Novas etapas exploratórias vão indicar o tamanho da descoberta de petróleo anunciada pela Petrobras e se há viabilidade para exploração comercial na região

OInstituto Brasileiro do Meio Ambiente e dos Recursos Naturais Renováveis (Ibama) autorizou a Petrobras a perfurar três novos poços exploratórios na Bacia da Foz do Amazonas, na costa do Amapá. A decisão abre uma nova etapa na campanha da estatal na Margem Equatorial brasileira e ocorre poucas semanas depois de a empresa confirmar a descoberta de petróleo na região.
Os poços autorizados são Manga, Crotalus e PAD Morpho, todos localizados no bloco FZA-M-59. A Petrobras pretende utilizá-los para ampliar o conhecimento sobre o reservatório identificado durante a perfuração do poço Morpho e avaliar suas características.
A autorização foi formalizada em 3 de setembro. Como parte das exigências do licenciamento, a Petrobras terá 30 dias, a partir do recebimento da autorização, para apresentar ao Ibama um cronograma atualizado das perfurações.
O que a Petrobras encontrou?
Em agosto, a Petrobras anunciou a identificação de hidrocarbonetos durante a perfuração do poço Morpho, localizado a aproximadamente 175 quilômetros da costa do Amapá, em águas ultraprofundas.
Dias depois, a presidente da Petrobras, Magda Chambriard, confirmou que as amostras obtidas pela companhia eram de petróleo. O poço está em uma lâmina d’água de aproximadamente 2.886 metros.
Apesar da descoberta, ainda não é possível afirmar quanto petróleo existe no local, nem se a área poderá ser transformada em um campo produtor. É justamente essa resposta que a nova etapa de perfurações pretende ajudar a encontrar.
Por que são necessários outros poços?
A identificação de petróleo em um poço exploratório não significa, automaticamente, a existência de uma reserva comercialmente viável. É preciso perfurar outros pontos da área para compreender a extensão do reservatório, estimar o volume de petróleo e avaliar suas características.

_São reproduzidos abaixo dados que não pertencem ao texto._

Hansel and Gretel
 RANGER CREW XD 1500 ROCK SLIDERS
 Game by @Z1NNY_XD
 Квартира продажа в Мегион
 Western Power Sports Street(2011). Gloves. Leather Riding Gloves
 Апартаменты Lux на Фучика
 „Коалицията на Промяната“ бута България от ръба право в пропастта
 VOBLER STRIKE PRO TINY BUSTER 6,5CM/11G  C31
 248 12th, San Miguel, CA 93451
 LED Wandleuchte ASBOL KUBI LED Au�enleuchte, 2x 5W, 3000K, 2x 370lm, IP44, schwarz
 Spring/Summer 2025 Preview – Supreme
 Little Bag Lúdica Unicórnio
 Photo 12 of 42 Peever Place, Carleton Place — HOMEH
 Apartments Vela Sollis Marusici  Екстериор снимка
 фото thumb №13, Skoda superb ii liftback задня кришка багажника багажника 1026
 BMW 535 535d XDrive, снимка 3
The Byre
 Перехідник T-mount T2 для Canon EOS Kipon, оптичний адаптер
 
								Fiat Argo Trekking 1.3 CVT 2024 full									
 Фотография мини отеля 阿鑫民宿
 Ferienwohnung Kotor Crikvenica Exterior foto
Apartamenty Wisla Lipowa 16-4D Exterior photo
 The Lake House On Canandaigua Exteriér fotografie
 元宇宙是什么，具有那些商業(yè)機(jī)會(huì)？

Os novos poços permitirão à Petrobras obter mais informações sobre a formação geológica e sobre a quantidade de hidrocarbonetos existente no bloco. A companhia poderá, então, avaliar se o volume encontrado é suficiente para justificar os elevados investimentos necessários para uma eventual produção comercial.
Descoberta pode ser estratégica para a Petrobras
A exploração da Margem Equatorial é considerada estratégica pela Petrobras para recompor suas reservas de petróleo nas próximas décadas. A estatal argumenta que novas fronteiras exploratórias são importantes diante da perspectiva de redução da produção do pré-sal no longo prazo, e relaciona a exploração da região à segurança energética brasileira.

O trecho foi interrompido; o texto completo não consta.